I don’t know how it kept happening hours after the account itself was deleted.

I also can’t find a resource that can explain postfix logs. Can someone explain this to me?

Apr 15 14:25:08 primary postfix/smtpd[2407914]: connect from ec2-35-89-81-116.us-west-2.compute.amazonaws.com[35.89.81.116]
Apr 15 14:25:09 primary postfix/smtpd[2407914]: 726CE8216C: client=ec2-35-89-81-116.us-west-2.compute.amazonaws.com[35.89.81.116], sasl_method=LOGIN, sasl_username=sales@tooneywheels.in
Apr 15 14:25:10 primary postfix/smtpd[2407914]: disconnect from ec2-35-89-81-116.us-west-2.compute.amazonaws.com[35.89.81.116] ehlo=1 auth=1 mail=1 rcpt=3 data=1 quit=1 commands=8

This is a SASL login from 35.89.81.116 for user sales@tooneywheels.in.

A SASL login would be to send mail via SMTP (retrieving mail via IMAP or POP3 does not authenticate with SASL).

You said you deleted this user. Are you sure about that? This appears to be a successful login. (And, is this a current log, from after you deleted the user?)

I don’t know what to tell you to do, if you’re certain this user is gone. There is no scenario where a user that doesn’t exist can login via SASL. (If this were an open relay, it wouldn’t need to login.)

Have you checked both /etc/passwd and /etc/shadow for this username? (It’s also possible there could be a user sales-tooneywheels.in or similar
usernames with @ in them are problematic for some non-Virtualmin software, so we generally create a second user with some other separator when you’re using usernames with @ in them, and SASL is configured to do some magic with domain names.

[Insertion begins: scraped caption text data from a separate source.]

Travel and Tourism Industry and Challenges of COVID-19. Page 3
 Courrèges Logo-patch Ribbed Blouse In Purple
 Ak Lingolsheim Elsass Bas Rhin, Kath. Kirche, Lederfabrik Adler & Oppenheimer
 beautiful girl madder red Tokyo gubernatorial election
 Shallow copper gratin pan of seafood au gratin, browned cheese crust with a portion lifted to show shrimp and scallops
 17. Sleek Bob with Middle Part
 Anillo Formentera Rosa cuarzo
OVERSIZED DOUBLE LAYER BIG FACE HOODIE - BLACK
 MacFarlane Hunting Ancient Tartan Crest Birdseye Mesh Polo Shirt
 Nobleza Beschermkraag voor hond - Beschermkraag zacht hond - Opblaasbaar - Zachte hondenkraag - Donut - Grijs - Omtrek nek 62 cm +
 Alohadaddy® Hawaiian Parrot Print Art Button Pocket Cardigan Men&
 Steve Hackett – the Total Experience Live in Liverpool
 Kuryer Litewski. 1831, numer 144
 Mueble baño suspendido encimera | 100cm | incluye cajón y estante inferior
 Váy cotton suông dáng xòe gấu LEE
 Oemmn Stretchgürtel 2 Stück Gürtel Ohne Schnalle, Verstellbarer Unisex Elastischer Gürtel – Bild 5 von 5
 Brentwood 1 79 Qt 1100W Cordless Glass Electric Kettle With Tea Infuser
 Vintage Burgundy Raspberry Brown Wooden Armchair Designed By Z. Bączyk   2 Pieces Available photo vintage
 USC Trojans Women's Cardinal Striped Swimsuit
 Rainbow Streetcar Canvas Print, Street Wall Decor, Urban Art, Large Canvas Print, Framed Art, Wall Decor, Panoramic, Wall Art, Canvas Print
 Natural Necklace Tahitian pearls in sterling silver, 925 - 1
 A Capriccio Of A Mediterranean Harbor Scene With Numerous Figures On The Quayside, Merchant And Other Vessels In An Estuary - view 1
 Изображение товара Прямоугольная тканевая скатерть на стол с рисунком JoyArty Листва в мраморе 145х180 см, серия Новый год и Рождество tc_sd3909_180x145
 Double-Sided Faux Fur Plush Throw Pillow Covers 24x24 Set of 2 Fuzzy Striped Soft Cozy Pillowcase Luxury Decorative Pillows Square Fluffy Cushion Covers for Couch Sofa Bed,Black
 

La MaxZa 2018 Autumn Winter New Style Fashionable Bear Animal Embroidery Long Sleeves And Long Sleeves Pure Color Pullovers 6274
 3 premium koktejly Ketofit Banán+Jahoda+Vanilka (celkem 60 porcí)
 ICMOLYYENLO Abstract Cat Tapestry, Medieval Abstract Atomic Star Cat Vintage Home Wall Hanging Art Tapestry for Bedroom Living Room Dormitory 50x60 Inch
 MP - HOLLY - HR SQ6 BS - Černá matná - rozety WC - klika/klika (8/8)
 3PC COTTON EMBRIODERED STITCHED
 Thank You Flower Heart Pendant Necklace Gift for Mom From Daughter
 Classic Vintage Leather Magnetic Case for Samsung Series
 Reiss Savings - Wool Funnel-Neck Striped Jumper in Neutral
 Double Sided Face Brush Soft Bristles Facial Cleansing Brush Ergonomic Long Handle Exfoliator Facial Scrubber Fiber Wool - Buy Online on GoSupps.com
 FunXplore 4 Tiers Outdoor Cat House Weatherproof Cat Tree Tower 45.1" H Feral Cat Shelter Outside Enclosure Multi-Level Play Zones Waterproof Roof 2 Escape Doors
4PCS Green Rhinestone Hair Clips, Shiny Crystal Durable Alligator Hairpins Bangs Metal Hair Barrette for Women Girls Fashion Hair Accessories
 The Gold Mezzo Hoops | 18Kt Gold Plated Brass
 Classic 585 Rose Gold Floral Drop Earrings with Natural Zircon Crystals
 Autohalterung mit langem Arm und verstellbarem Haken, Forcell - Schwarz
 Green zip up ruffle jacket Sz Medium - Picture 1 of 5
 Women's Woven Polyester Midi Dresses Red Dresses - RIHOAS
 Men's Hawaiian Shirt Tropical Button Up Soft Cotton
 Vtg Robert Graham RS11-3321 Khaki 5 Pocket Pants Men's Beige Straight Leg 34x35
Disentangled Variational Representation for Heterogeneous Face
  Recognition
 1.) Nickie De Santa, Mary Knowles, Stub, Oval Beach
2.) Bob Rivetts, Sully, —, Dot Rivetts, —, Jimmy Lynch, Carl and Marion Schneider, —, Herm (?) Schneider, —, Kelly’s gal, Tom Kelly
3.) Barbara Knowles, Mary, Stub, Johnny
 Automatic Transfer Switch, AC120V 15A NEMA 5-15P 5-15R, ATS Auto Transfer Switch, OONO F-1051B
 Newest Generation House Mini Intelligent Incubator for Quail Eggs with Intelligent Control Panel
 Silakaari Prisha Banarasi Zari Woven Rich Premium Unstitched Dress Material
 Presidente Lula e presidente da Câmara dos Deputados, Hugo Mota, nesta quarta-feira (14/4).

This may be completely off

if that is happening look at the email headers in postfix
 find out the account and disable it

then if they are all from sales@tooneywheels.io check the password is not “sales” LOL 


There are files called /etc/passwd- and /etc/shadow- (dash at the end) and they have two lines, both sales@tooneywheels.in and sales-tooneywheels.in. Is this relevant?

etc/passwd and /etc/shadow does not have either

Thats a backup file

what about just sales by itself

Nope. Nothing else with “sales” in it

I had the same problem when I started with VirtualMin. Had to lock down senders and recipients as well as change from standard mail ports.

Add this to /etc/postfix/main.cf - Servers>Postfix Mail Server>Edit Config Files

/etc/postfix/main.cf

Sender restrictions:

smtpd_sender_restrictions =
permit_mynetworks,
reject_non_fqdn_sender,
reject_unknown_sender_domain,
permit

/etc/postfix/main.cf

HELO restrictions:

smtpd_delay_reject = yes
smtpd_helo_required = yes
smtpd_helo_restrictions =
permit_mynetworks,
reject_non_fqdn_helo_hostname,
reject_invalid_helo_hostname,
permit

# /etc/postfix/main.cf

Recipient restrictions:

smtpd_recipient_restrictions =
reject_unauth_pipelining,
reject_non_fqdn_recipient,
reject_unknown_recipient_domain,
permit_mynetworks,
reject_unauth_destination,
check_sender_access
hash:/etc/postfix/sender_access,
reject_rbl_client zen.spamhaus.org,
reject_rbl_client bl.spamcop.net,
check_policy_service unix:postgrey/socket,
permit

What do you think @Joe, @stefan1959? Do you foresee any side effects of this?

I think you should read and understand the implications of any configuration you find suggested online. The Postfix docs cover all of these options. I will say I do not use a configuration like this. I mostly use a default Virtualmin configuration.

I believe you’re looking in all the wrong places for solutions. You have a user sending spam, or you have a web app that has been exploited and it is sending spam. Why are you fiddling around with minor changes to your Postfix configuration?

1 Like

Well I did use smtpd_sender_restrictions = reject_unlisted_sender. It didn’t have any immediate affect. I was thinking maybe postfix is accepting the request from sales@too
 since even though the email doesn’t exist, the domain is valid and hosted on the server.

If I can send emails an id info@example.com and I don’t even have that id on the server (example.com is part of the server), I feel like Virtualmin’s default config is too loose. What do you think?

But they need to authenticate to send, what the email address they use doesn’t really matter.